Poverty is one of the greatest challenges facing humanity.
Globally, one in 10 people lives on less than $1.90 per day. If current trends continue, the World Food Programme predicts the number of hungry people will reach 840 million, or one ninth of the world’s population, by 2030.
Poverty eradication has therefore found a place at the top of the United Nations 2030 Agenda for Sustainable Development. “End poverty in all its forms everywhere” is the first Goal of this Agenda, which is supported by all 193 UN member states. The international community is now stepping up efforts to achieve this goal, especially in response to the severe setback caused by the COVID-19 pandemic. The zoonotic nature of the COVID-19 virus has also illustrated the urgency to reduce human pressure on nature.

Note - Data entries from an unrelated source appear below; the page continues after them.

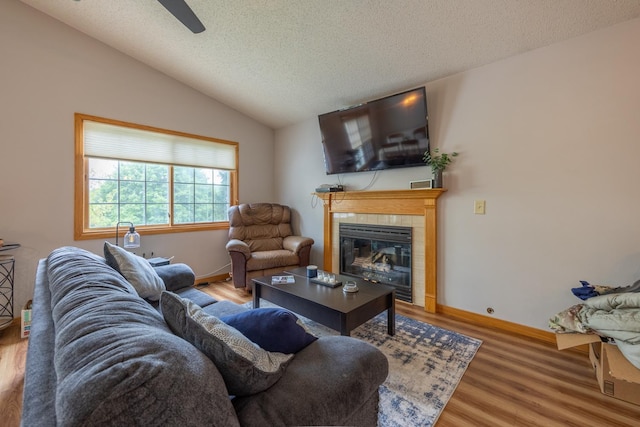 living room with a fireplace, lofted ceiling, wood finished floors, a textured ceiling, and a ceiling fan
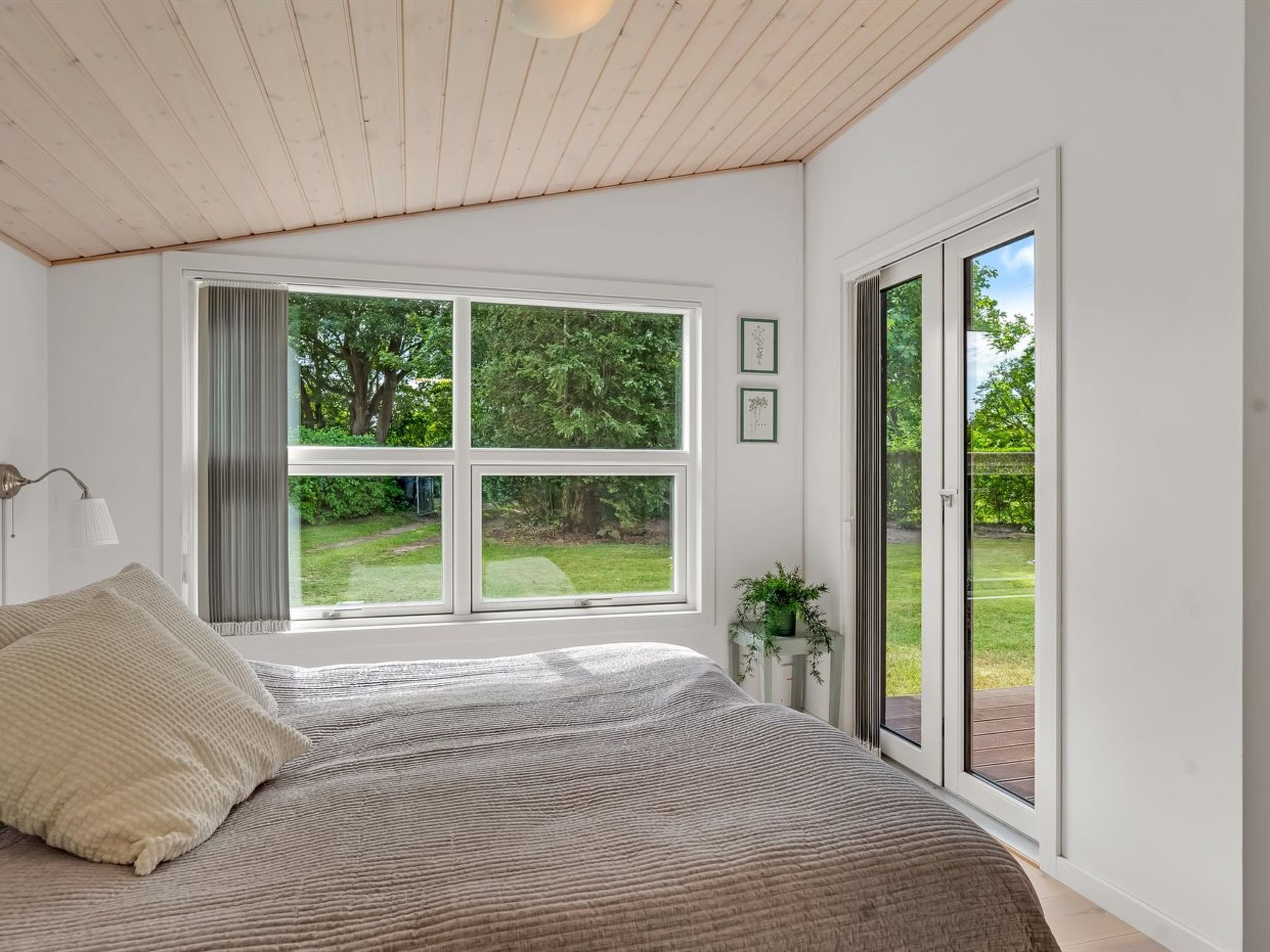 A bedroom with a large window, a bed, a bedside lamp, and a view of a garden.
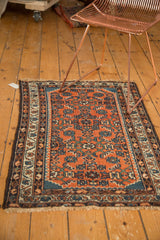 Hand knotted Hamadan rug corner with brick red field, patterned borders, and tinted fringe.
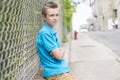 Young teen boy looking out of a fence Royalty Free Stock Photo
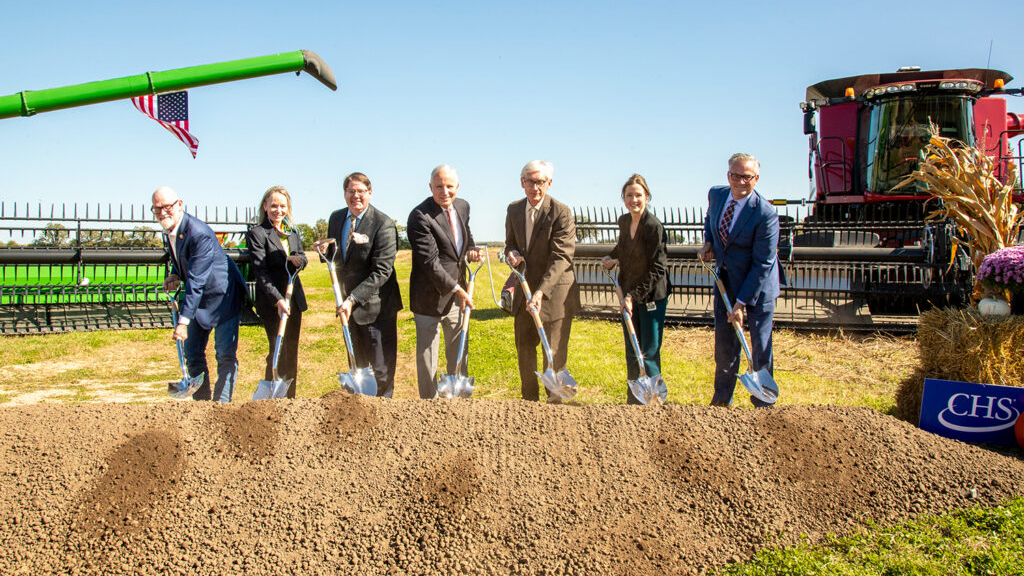 Group of seven business professionals holding shovels at a groundbreaking ceremony with green farm equipment and CHS signage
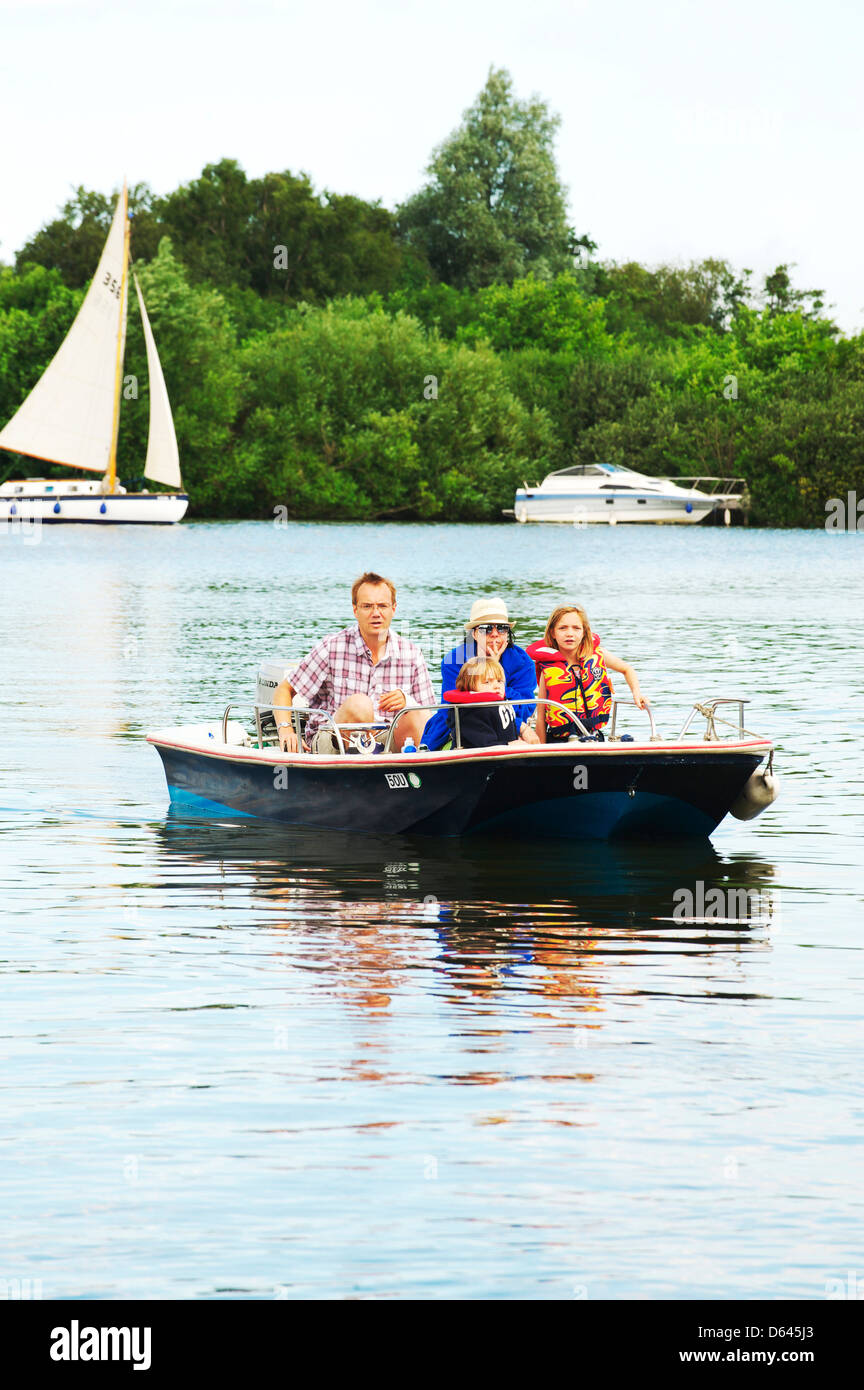 Junge attraktive Familie nehmen ein kleines Motorboot auf Ranworth breit Stockfoto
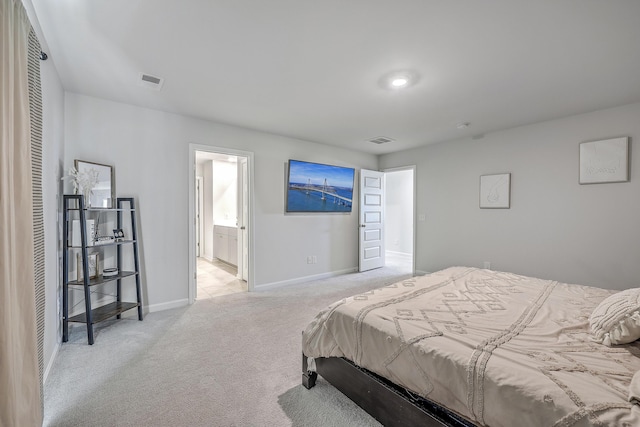 carpeted bedroom featuring connected bathroom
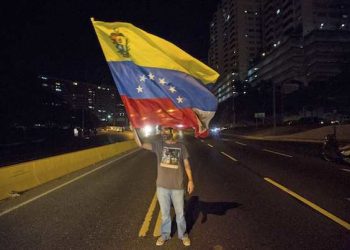 An opposition member waves a Venezuelan flag during a protest against Venezuela's President Nicolas Maduro in Caracas, Venezuela, Thursday, March 30, 2017. Venezuela's Supreme Court ruled it can take over the powers of congress in what opponents of President Maduro as well as foreign governments denounced as the latest step toward installing a dictatorship in this South American nation. (AP Photo/Fernando Llano)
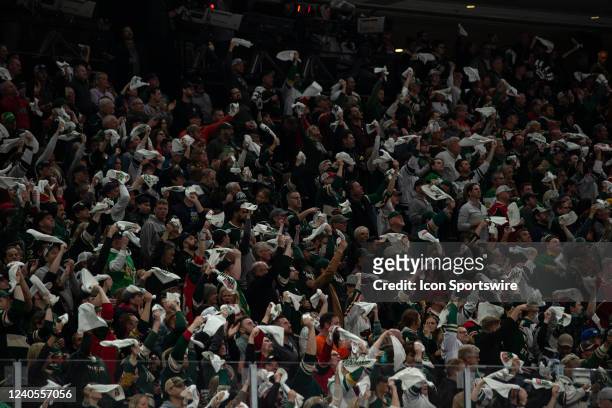 Minnesota Wild fans cheer during game 2 of the NHL playoffs between the St. Louis Blues and the Minnesota Wild on May 4th at Xcel Energy Center in...
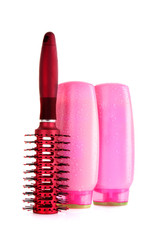 Shampoo bottles and hair brush   on white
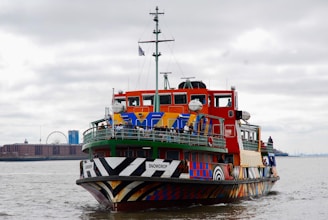 A brightly colored ferry with a unique and artistic design sails on a river. It features a mix of vibrant colors and patterns, attracting attention. Several people are visible onboard, enjoying the view. In the background, a cityscape includes a prominent Ferris wheel and various buildings under an overcast sky.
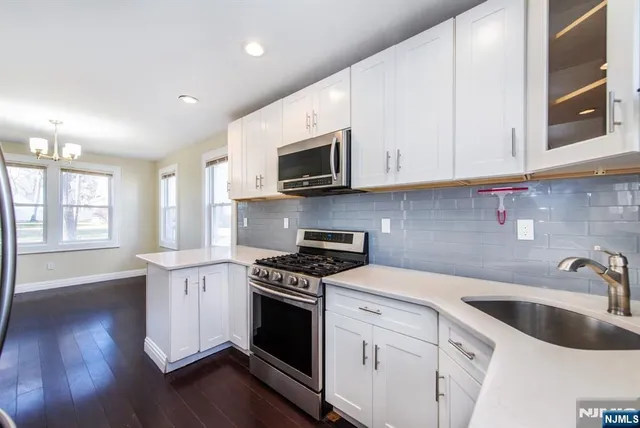 a kitchen with granite countertop wooden cabinets granite counter tops and a stove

One way to relieve this pressure and alleviate poverty is to recognize and further optimize the critical role of forests and trees as allies in the fight against poverty. In the long run, losing forests means losing this fight. This is the central finding of a new global assessment report entitled, “Forests, Trees and the Eradication of Poverty: Potential and Limitations.” The report is the product of a two-year investigation by a global panel of experts, chaired by associate professor Daniel C. Miller of the Department of Natural Resources and Environmental Sciences at the University of Illinois at Urbana-Champaign.